You may have heard about the South African Film and Publications Board’s proposed Draft Online Regulation Policy. Or you may have been living under a rock.
The Policy is aimed at regulating online publications and hold publisher and internet service provider responsible and have been strongly opposed by the Right2Know campaign, among others. As with all new legislation, the Policy has been going through the processes and have finally reached the stage where the public can make comments and recommendations regarding its validity and effectiveness. The Regulations have been open for public comments via email (email@example.com) or hand delivered to the FPB’s Head Offices since it was published in the Government Gazette in March 2015 and will remain open until 15 July 2015.
This evening (28 May 2015) you can attend the public meeting hosted by the FPB at Turbine Hall in Newtown, Johannesburg to comment on the Draft Online Regulation Policy. The meeting starts at 5pm and is expected to last two hours.

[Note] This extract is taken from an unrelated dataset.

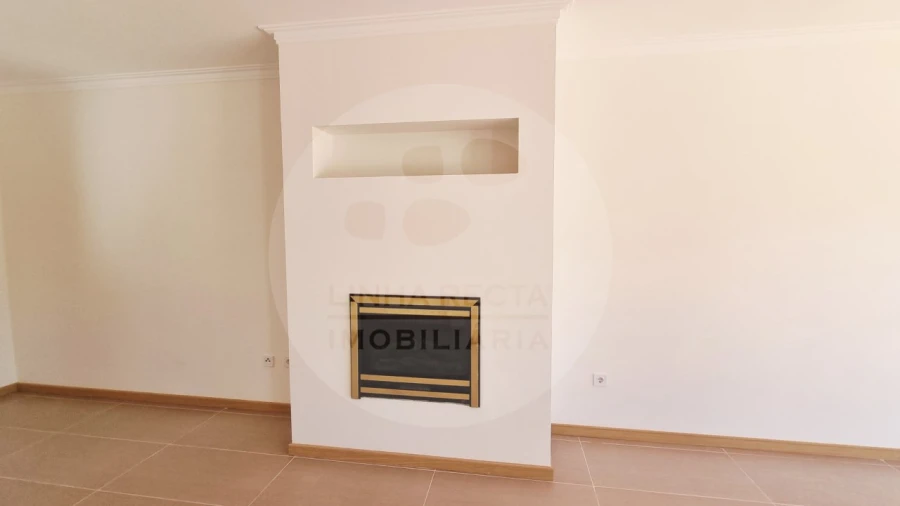 Moradia T3 para Venda em Guia Foto 51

About The Draft Online Regulation Policy
The Policy is essentially aimed at preventing child pornography and to prevent children from being exposed to adult content by classifying online publications. Online publications are defined in terms of the Policy to include:
- Personal Websites;
- Facebook; etc.
In terms of the Draft Online Regulation Policy online publishers will be required to ensure that their content does not violate the Policy. We reckon the policy is impractical and with insane amounts of content being uploaded constantly it seems near-impossible that the FPB will be able to enforce the terms of the Policy.
The Right2Know campaign considers the Draft Online Regulation Policy to “amount to censorship and is a violation of freedom of expression” and aims to have the Policy scrapped.
About the FPB
The FPB is a South African public entity that was established in terms of the Films and Publications Act. The FPB aims to regulate “the creation, production, possession and distribution of certain publications, games and films by means of classification, the imposition of age restrictions, and giving of consumer advice, and further makes the use of children in and the exposure of children to pornography punishable“.
The FPB is of the opinion that the digital age has increased violations and crimes against children, and has particularly increased child pornography, trafficking and groom with the intent of luring children.